Interest in similar sector-based border adjustment mechanisms has increased in the U.S., driven in part by the sense that U.S. manufacturers in some sectors like steel production are less carbon-intensive than overseas competitors. Much of the discussion in the U.S. focuses on proposals that would apply carbon tariffs to imported goods that are more carbon-intensive than their U.S. counterparts, but without any corresponding fee on carbon-intensive products produced domestically. Such a policy would boost U.S. industry by making carbon-intensive imports more costly. However, a policy that does not apply emission reduction incentives or requirements on domestic manufacturers will do little to drive the deep industrial decarbonization in the U.S. that is critical to meeting climate goals. In addition, while some of the interest in these policies centers on allowing U.S. manufacturers to be exempted from the EU CBAM, it seems unlikely that an import-only fee would satisfy the E.U. that the U.S. has in place a comparable carbon pricing system.
An exception to this “imports only” approach is the Clean Competition Act (CCA) introduced in the last Congress by Sen. Sheldon Whitehouse (D-R.I.). Under CCA, both domestically produced and imported goods would face a carbon intensity charge if their emissions intensity exceeded a certain benchmark. The charge would start at $55 per ton of carbon emissions and increase by 5 percent plus inflation each year, while the intensity benchmark would drop 2.5 percent per year for the first few years and 5 percent per year thereafter until it reached zero. This fee would provide a very strong incentive for both domestic and international manufacturers to reduce their emissions intensity and has a promising potential to be considered part of an international climate-club pact.
The CCA would come close to implementing a low-carbon product standard (LCPS), which World Resources Institute explored for the cement and steel industries. As described in this research, an LCPS would create a credit trading system similar to an emissions trading system, where products whose emissions intensity was lower than the benchmark would earn tradeable credits and products with a higher emissions intensity would have to surrender credits. The system could also be implemented with a fee-bate approach, where rebates would be paid to those who earned credits and a fee would be paid by those who owed them.
While both a CCA and LCPS would assess a product’s emissions intensity against a benchmark, an LCPS would create an additional layer of incentive for companies to make investments in significantly lowering their emissions, particularly in the early years of the program. Rather than just avoiding a fee by beating the benchmark under the CCA, with a LCPS companies would earn money based on how far below the benchmark they were.

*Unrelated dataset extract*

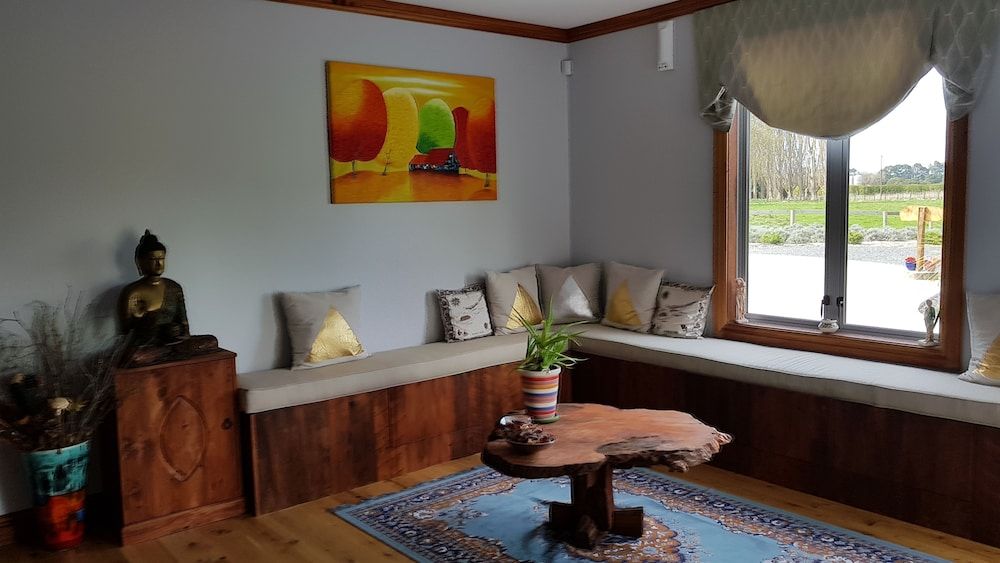 BRUNTWOODLODGE - Adults Only 2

This approach would provide strong financial incentives for both existing facilities and new entrants to invest in innovative technologies and processes that not just meet but significantly beat the benchmarks. As the benchmark approaches zero under CCA, more goods would fall on the fee side of the equation, so the difference between the two approaches would diminish over time.
As policymakers look for ways to ensure that low-carbon U.S. manufacturers aren’t outcompeted by high-carbon imports, the U.S. should not simply rest on its current relatively clean manufacturing practices. A low-carbon product standard would ensure that manufacturers of both domestically produced and imported goods have strong incentives to decarbonize as soon as possible while also bolstering the competitiveness of clean U.S. manufacturers.
Kevin Kennedy is a senior fellow for the U.S. Climate Program at World Resources Institute.